## Directions
Take the lines from the one containing "sprinter 315: Mercedes-Benz" through the end of the material and write them out exactly, omitting pictures.

## Data for the task
= = = = = = =

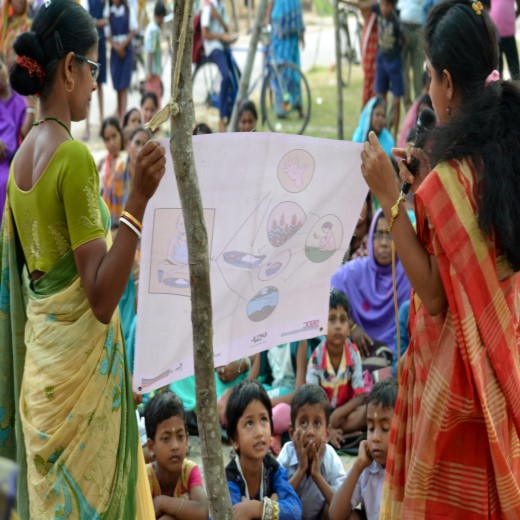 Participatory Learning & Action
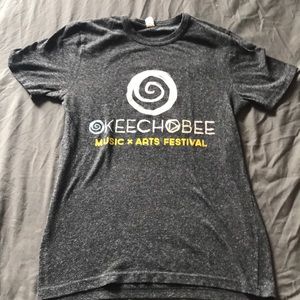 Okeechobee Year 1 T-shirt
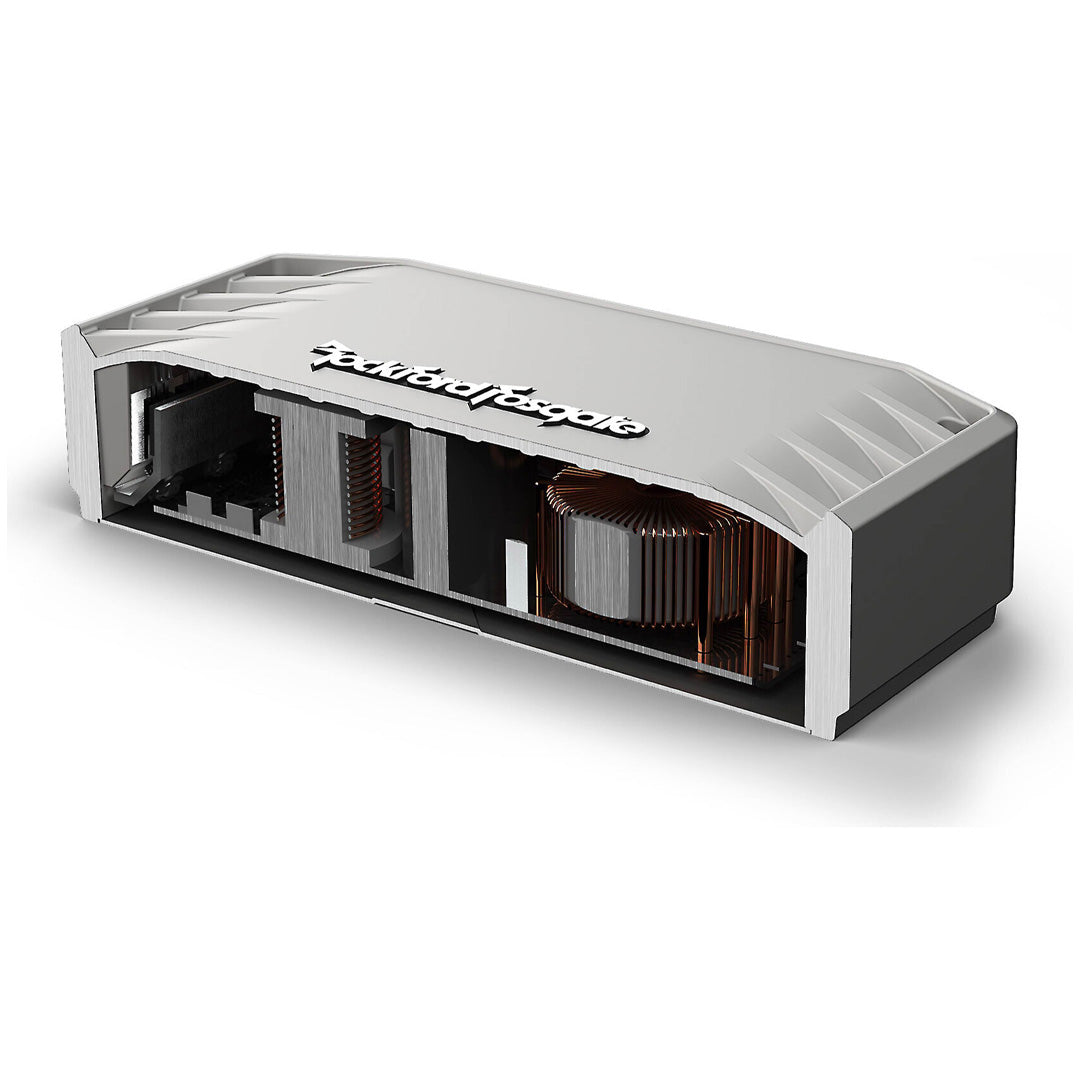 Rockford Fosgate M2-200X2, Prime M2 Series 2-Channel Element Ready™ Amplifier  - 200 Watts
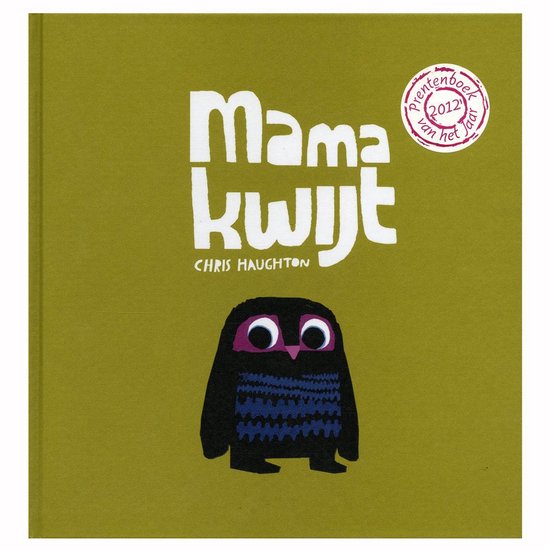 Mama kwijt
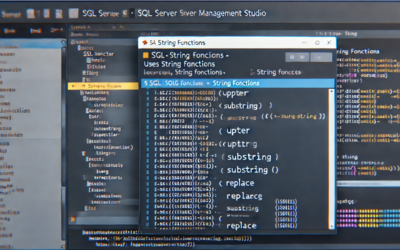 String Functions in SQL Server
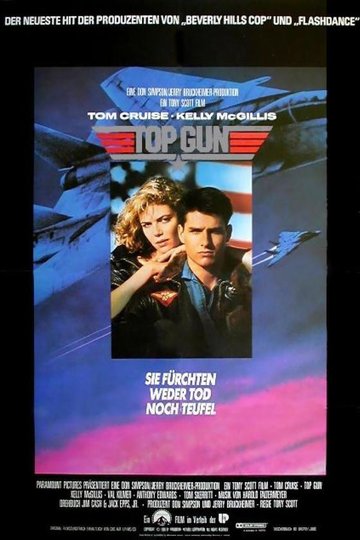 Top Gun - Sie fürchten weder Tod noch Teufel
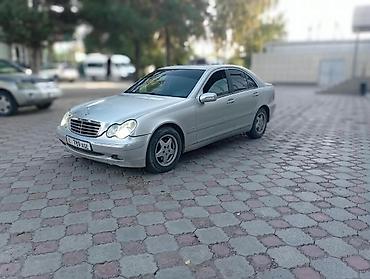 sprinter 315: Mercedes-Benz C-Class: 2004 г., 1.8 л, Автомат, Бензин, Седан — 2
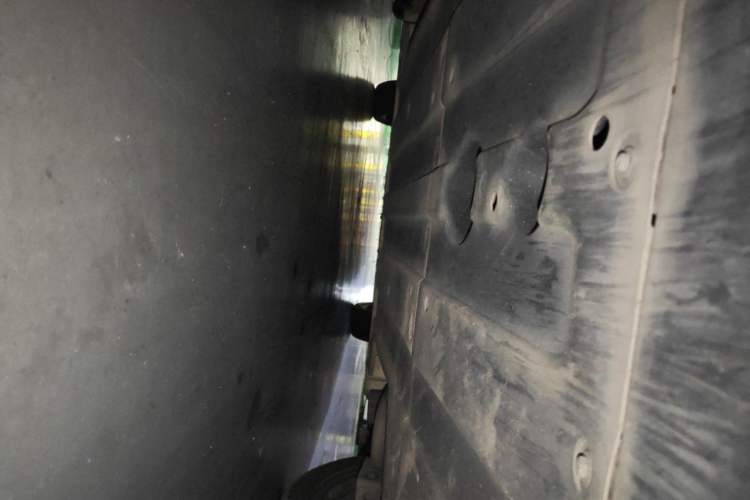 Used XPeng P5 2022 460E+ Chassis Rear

= = = = = = =

## Answer to the problem
 sprinter 315: Mercedes-Benz C-Class: 2004 г., 1.8 л, Автомат, Бензин, Седан — 2
 Used XPeng P5 2022 460E+ Chassis Rear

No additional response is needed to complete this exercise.